Die israelische Organisation Courage to Refuse (Mut zum Verweigern) rief gestern mit einer Anzeige in der Tageszeitung Haaretz zur Verweigerung des Einsatzes im Gazastreifen auf: "Dieser Krieg hat bereits mehr als 500 Menschenleben gekostet und ein Ende ist nicht absehbar. Die brutale, beispiellose Gewalt in Gaza ist schockierend. Wir können nicht einfach zuschauen, wenn Hunderte von Zivilisten durch die israelische Verteidigungsarmee abgeschlachtet werden." In der Gruppe haben sich Soldaten und Offiziere der israelischen Armee organisiert, die sich gegen die Besatzungspolitik der israelischen Regierung wenden.

Ein weiterer Aufruf von "Jüdinnen und Juden aus der ganzen Welt" fordert israelische Soldaten und Soldatinnen ebenfalls zur Verweigerung auf: "Die ein Gewissen haben, müssen die israelische Kriegsmaschinerie stoppen. Das könnt nur Ihr tun - und Ihr müsst es tun."

Courage to Refuse berichtete zugleich, es gebe erste Verweigerer des Kriegseinsatzes in Gaza. Etwa ein Dutzend Reservisten hätten sich bislang der Einberufung verweigert. Mit der Anzeige in Haaretz riskiert Courage to Refuse strafrechtliche Verfolgung. So wurde bereits gegen die Organisation New Profile, die in Israel KriegsdienstverweigerInnen berät, ein Strafverfahren eröffnet mit dem Vorwurf der "Anstiftung zur Militärdienstentziehung".

Kriegsdienstverweigerin heute aus der Haft entlassen - weitere Inhaftierung befürchtet

Schon seit einigen Monaten werden junge Männer und Frauen, die sich in der Gruppe der Shministin (AbiturientInnen) zusammengeschlossen haben, wegen ihrer Kriegsdienstverweigerung verfolgt. Heute endet die dritte Arreststrafe von Raz Bar-David Varon. Insgesamt war sie bislang 43 Tage in Haft.
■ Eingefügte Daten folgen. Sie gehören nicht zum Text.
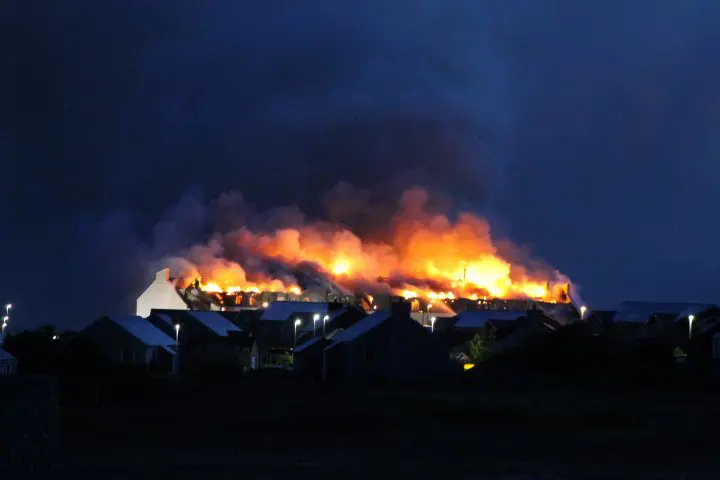 Major fire rips through Shetland hotel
In Israel sind alle jüdischen Frauen und Männer wehrpflichtig und werden mit 18 Jahren einberufen. Die Dauer des Militärdienstes beträgt für Männer drei Jahre, für Frauen 20 Monate. Nach Ablauf des regulären Militärdienstes leisten Männer bis zu ihrem 50. Lebensjahr mindestens einmal jährlich für etwa 30 Tage einen Reservedienst ab. Ein Recht auf Kriegsdienstverweigerung wird praktisch nicht gewährt.

Raz Bar-David Varon droht, wie allen anderen VerweigerInnen, erneute Inhaftierung. Dennoch bleibt sie ihrer Überzeugung treu: "Ich wurde nicht geboren, um als Soldatin zu dienen, die ein anderes Land besetzt, und der Kampf gegen die Besatzung ist auch mein Kampf. Es ist ein Kampf für Hoffnung, für eine Zukunft, die manchmal so weit weg zu sein scheint. Ich habe eine Verantwortung für diese Gesellschaft. Meine Verantwortung ist es, zu verweigern."

Quelle: Connection e.V.   - Pressemitteilung vom 09.01.2009.